EXE Jump Tables

dedndave · May 29, 2009, 05:51:54 PM

do any of you experienced programmers have a simple method of eliminating the need for jump tables at the end of an EXE ?
i am guessing they are inserted by the assembler ?

jj2007 · May 29, 2009, 06:22:44 PM

Good question indeed. They don't look very efficient. Maybe it's a noob question: how does the assembler "know" the memory location of GetStdHandle, i.e. 7C812F3A? Is it guaranteed to be the same in all versions of Windows??

Code Select

0040106A              .  6A F5                       push -0B  ; StdHandle = STD_OUTPUT_HANDLE
0040106C              .  E8 A7000000                 call <jmp.&kernel32.GetStdHandle>
...
00401118               $ FF25 74114000              jmp near dword ptr [<&kernel32.GetStdHandle>]
...
GetStdHandle            8BFF                         mov edi, edi  ; HANDLE kernel32.GetStdHandle(StdHandle)
7C812F3B                55                           push ebp
7C812F3C                8BEC                         mov ebp, esp

PBrennick · May 29, 2009, 06:31:06 PM

GetStdHandle, for example, has its laddress stored in a lookup table in kernel.dll so even though there are differing versions of that DLL, the address, which can vary, will always be found.

Paul

BogdanOntanu · May 29, 2009, 06:31:52 PM

Quote from: dedndave on May 29, 2009, 05:51:54 PM
do any of you experienced programmers have a simple method of eliminating the need for jump tables at the end of an EXE ?

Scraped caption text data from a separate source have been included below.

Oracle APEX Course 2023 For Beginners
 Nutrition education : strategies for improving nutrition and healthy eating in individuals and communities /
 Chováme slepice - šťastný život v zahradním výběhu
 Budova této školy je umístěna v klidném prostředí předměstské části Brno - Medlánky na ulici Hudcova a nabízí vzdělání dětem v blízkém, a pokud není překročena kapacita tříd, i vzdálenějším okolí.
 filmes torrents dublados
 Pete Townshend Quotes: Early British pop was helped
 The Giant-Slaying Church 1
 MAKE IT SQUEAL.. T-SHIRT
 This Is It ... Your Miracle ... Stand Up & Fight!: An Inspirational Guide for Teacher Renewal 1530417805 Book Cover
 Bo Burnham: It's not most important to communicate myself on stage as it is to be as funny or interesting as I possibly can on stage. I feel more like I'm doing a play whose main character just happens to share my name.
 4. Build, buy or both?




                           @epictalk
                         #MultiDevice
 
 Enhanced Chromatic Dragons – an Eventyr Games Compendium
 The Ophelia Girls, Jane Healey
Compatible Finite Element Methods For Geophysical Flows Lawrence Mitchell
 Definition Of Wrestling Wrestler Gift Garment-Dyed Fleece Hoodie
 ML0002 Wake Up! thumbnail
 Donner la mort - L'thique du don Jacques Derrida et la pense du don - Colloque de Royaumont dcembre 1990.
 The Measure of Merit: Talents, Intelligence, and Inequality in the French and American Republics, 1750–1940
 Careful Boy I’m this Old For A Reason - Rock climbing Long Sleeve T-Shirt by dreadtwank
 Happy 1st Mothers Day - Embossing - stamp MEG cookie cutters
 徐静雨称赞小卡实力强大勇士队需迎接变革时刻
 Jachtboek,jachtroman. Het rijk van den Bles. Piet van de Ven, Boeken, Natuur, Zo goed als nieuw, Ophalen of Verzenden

Simple? Well ...NO. Possible? Yes.

See here for a possible solution: http://www.masm32.com/board/index.php?topic=6519.0;topicseen

The MS libs contain two kinds of API "glue" code: one that will generate a jump table and one that will call "directly".

The jump table is more efficient for many reasons.

AFAIK there are other older threads about this issue also.

Quote
i am guessing they are inserted by the assembler ?

No. Usually this jump table is generated / inserted by the linker when it links extern / API's from LIBs .

However my Sol_Asm assembler does generate the jump tables :D but this is an exception to confirm the above rule.

dedndave · May 29, 2009, 06:38:33 PM

well - i read many of the other related threads - i did not see anything specific about eliminating the tables
much ado about why they are there, however
i seem to recall something someplace about eliminating them
and, yes, i can see how a program may load faster with the tables
once it has loaded, however, i would have to think it would be faster without them
as always, the best solution is probably a hybrid, where functions that are speed-critical are referenced without tables
and funtions that are used several times, but are not speed-critical use the tables (similar to procs vs macros argument)

EDIT
@JJ - i don't think it matters if they are the same or not
perhaps running under one OS, they are one value and under a different OS, a different value
from what i gather, they are externals that are unresolved until run-time

surely, if you reference a function 100 different places in the code, the table may be a good way to go
that way, the OS only has to set the value one time when the program is loaded

BogdanOntanu · May 29, 2009, 06:48:50 PM

Quote from: jj2007 on May 29, 2009, 06:22:44 PM
Good question indeed.

In fact a relatively irrelevant question unless you are writing a compiler.

Quote
They don't look very efficient.

It depends on the "angle" of view.

- Each "direct" call is still "indirect" in fact from the CPU's point of view.
- Each "direct" call is 1 byte longer than the jump table and this adds up when you use a lot of API in your code.
- Each "direct" call needs relocations and more solving by the linker and thus makes assembly/ linking slower and DLL's bigger
- indirect call's allow you an extra central "hooking" location that can be useful with portable applications and other OS'es (GOT/PLT like/ ready)

Quote
Maybe it's a noob question: how does the assembler "know" the memory location of GetStdHandle, i.e. 7C812F3A? Is it guaranteed to be the same in all versions of Windows??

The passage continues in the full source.